Father Philip N. Erbland, MM
Born: July 12, 1933
Ordained: June 11, 1966
Died: January 22, 2023
Father Philip N. Erbland died on January 22, 2023 in the Assisted Living Unit at Maryknoll, New York. He was 89 years old and a Maryknoll priest for 56 years.
Philip Norbert Erbland was born on July 12, 1933 in Fairport, New York, son of Walter Joseph and Ada Mary Hendricks Erbland. He was the sixth of nine children, one of whom is Sister Elizabeth Erbland, M. M., a Maryknoll Sister. Philip attended Fairport public schools after which he earned a degree in Mechanical Engineering from the Rochester Institute of Technology. Upon graduation, he worked as an engineer for Taylor Instrument Company until he entered St. Bernard’s Seminary in Rochester where he received a Bachelor of Arts degree in Philosophy.
Family life provided the seeds for his vocation. As an altar boy, he came to admire parish priests and the values they promoted. Visits by foreign missioners to the annual parish missions and their work among the poor created an enthusiasm that eventually inspired him to join their ranks.

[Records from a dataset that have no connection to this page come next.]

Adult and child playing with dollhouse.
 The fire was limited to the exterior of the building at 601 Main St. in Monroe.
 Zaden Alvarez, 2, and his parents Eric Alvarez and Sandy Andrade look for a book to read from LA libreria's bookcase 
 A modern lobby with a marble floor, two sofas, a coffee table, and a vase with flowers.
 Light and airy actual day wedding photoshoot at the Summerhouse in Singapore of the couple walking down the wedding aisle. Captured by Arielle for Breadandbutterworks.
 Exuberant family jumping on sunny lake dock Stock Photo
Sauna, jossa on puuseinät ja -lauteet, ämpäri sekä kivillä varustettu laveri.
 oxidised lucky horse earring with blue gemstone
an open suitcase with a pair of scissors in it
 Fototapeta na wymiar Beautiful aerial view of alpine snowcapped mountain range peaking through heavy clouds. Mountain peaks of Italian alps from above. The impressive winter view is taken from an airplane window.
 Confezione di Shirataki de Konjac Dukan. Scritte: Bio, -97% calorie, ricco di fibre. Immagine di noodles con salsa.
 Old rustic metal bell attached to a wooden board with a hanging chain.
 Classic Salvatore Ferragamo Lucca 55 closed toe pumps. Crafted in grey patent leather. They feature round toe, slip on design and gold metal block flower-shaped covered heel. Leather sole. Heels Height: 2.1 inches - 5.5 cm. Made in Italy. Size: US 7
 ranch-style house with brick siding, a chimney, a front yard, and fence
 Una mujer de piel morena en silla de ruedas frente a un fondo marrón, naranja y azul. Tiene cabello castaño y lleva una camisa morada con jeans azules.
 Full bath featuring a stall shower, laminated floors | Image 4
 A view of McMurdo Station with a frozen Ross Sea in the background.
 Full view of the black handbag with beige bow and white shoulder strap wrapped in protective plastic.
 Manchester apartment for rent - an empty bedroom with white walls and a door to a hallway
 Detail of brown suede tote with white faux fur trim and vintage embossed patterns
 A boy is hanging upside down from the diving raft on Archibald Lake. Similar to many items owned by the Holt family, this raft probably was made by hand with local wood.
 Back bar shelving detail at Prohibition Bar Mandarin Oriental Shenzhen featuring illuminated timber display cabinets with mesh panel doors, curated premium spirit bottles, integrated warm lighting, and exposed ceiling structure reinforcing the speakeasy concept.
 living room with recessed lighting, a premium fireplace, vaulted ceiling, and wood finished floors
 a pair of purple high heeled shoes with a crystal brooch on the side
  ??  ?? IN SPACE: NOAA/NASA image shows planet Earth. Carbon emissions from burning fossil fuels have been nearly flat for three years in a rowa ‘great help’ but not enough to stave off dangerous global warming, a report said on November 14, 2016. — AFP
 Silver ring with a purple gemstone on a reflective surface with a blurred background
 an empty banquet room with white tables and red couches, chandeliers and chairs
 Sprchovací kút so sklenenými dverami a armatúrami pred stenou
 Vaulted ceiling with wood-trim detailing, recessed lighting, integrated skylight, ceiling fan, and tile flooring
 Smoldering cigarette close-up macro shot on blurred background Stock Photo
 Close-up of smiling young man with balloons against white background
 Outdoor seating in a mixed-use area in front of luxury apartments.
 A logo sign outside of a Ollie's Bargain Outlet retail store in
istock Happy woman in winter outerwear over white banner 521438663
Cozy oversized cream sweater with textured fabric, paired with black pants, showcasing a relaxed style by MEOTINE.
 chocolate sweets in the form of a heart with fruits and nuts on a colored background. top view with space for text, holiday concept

It was a talk by a Maryknoller at the Rochester Seminary that convinced him to accept the challenge of a life of service to the poor in a foreign culture.
He entered Maryknoll Seminary in Ossining on September 1, 1961 receiving a Bachelor of Divinity degree in 1965 and a Master of Religious Education in 1966. Upon ordination at Maryknoll on June 11, 1966, Father Erbland received an assignment to Maryknoll’s Mission Region in Peru, South America. After language studies in Cochabamba, Bolivia, he received an assignment to the Altiplano Parish of San Pedro in the Prelature of Juli.
In Juli, he soon became known as “Padre Película” (Father Movies) because of the countless educational films he showed in the town and in surrounding rural communities. In some villages people built roads and constructed small, one-room buildings just to see some of the films and subsequently participate in more intensive evangelization programs. Some of these buildings later became schools. For most people, the movie program was a new and welcomed experience. Rural folks would trudge with small children for great distances through the dark and in rain and snow to view films and share in discussion.
With the closing of radio schools, rural farmers who had learned to read and write had little chance to improve their skills for lack of books, etc. Seeing this need, Father Erbland began to publish a weekly two-page newspaper containing both educational themes and inter-community news that the local catechists distributed among their people. The newspaper also served the needs of other parishes. It served especially well as a reflection guide for small group discussion.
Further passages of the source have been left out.